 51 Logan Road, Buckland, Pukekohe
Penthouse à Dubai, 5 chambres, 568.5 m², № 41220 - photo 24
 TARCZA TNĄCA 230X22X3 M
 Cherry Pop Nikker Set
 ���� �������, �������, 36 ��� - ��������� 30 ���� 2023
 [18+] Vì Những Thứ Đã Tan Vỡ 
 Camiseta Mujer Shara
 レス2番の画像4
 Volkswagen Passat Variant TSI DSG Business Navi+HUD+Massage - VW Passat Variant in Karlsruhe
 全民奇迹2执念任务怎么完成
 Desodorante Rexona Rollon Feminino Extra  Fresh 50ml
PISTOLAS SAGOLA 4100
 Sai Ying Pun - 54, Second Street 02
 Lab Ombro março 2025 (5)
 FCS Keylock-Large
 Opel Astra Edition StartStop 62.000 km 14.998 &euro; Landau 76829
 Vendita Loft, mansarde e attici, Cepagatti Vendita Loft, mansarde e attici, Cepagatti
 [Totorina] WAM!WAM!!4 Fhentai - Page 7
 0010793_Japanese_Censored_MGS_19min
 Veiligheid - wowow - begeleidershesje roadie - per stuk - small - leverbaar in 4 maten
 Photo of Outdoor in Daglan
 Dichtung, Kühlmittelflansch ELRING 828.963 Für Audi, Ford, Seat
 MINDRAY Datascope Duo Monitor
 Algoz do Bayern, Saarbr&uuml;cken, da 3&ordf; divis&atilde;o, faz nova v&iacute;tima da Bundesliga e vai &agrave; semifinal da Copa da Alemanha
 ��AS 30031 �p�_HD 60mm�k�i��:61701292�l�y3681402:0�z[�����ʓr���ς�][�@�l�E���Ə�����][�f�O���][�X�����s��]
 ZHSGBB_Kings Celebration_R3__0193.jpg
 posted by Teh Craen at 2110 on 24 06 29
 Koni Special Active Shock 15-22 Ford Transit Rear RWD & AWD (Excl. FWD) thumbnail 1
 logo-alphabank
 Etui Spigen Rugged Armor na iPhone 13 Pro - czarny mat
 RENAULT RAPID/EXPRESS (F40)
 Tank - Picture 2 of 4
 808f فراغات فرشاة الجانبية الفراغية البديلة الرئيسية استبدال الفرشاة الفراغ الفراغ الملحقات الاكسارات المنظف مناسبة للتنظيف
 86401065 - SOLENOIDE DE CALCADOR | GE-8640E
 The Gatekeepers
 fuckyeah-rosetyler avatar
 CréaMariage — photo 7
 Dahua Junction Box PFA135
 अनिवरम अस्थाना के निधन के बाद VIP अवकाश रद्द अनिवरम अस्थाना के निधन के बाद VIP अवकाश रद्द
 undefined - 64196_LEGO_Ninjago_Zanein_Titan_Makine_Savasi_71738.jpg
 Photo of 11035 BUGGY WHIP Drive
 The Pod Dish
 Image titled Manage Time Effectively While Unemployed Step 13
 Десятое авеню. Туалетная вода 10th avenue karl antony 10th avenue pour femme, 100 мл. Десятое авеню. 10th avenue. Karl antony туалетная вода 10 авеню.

◆ ◆ ◆ ◆

• TO DO
Filter the data for the string "Ford". Copy each matching line.

• RESULT FOR THIS TASK
 Dichtung, Kühlmittelflansch ELRING 828.963 Für Audi, Ford, Seat
 Koni Special Active Shock 15-22 Ford Transit Rear RWD & AWD (Excl. FWD) thumbnail 1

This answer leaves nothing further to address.